• [DATASET EXCERPTS]:
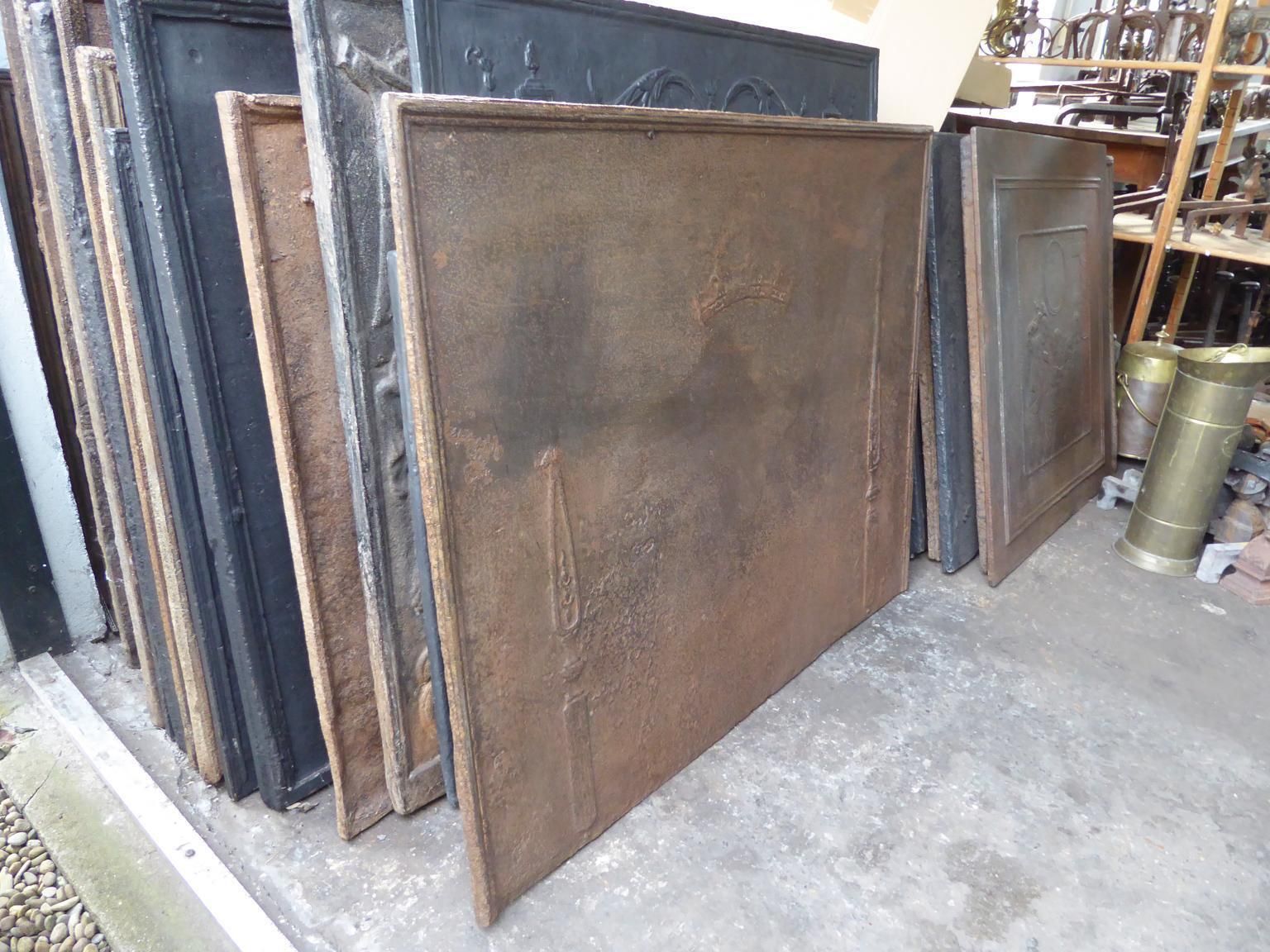 Large 18th Century French 'Pillars With Fleurs De Lys' Fireback / Backsplash photo vinterior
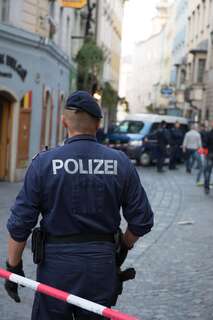 Mordversuch - In Linzer Lokal mit Glasscherben attackiert 20141006-8902.jpg
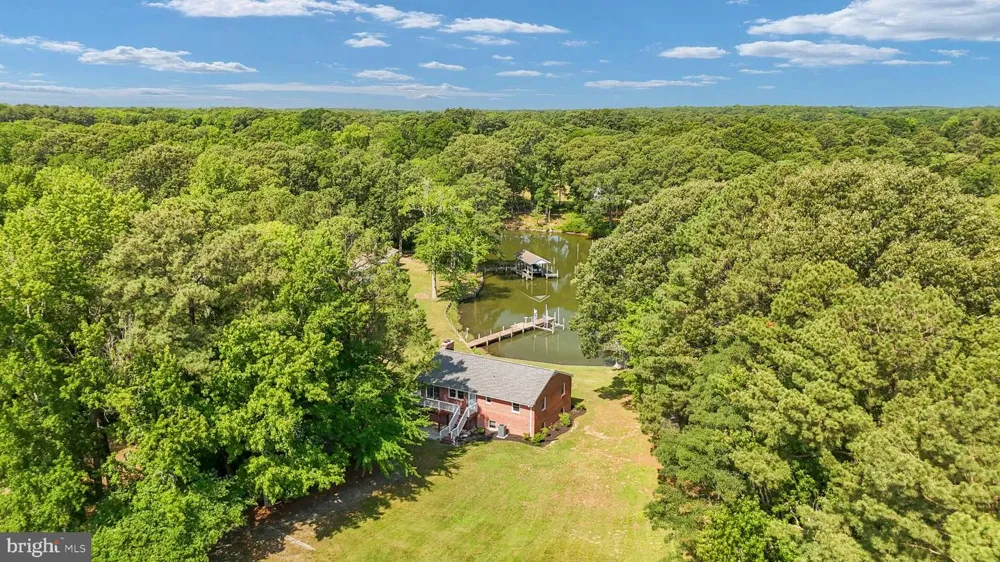 279 HARBOR DRIVE Reedville, VA 22539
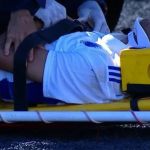 Zagueiro Henrique Silva do Cruzeiro passa por exames, após deixar partida contra o Cuiabá de ambulância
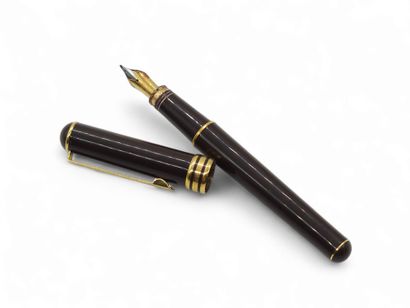 SET OF THREE STYLOS including :
Daniel Hechter...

• [ASSIGNMENT]: What is needed is an exact copy of the lines from the line with "279 HARBOR DRIVE Reedville, VA 22539" to the end of the data above, both included, without any pictures.

• [SOLUTION TO THE PROBLEM]:
 279 HARBOR DRIVE Reedville, VA 22539
 Zagueiro Henrique Silva do Cruzeiro passa por exames, após deixar partida contra o Cuiabá de ambulância
 SET OF THREE STYLOS including :
Daniel Hechter...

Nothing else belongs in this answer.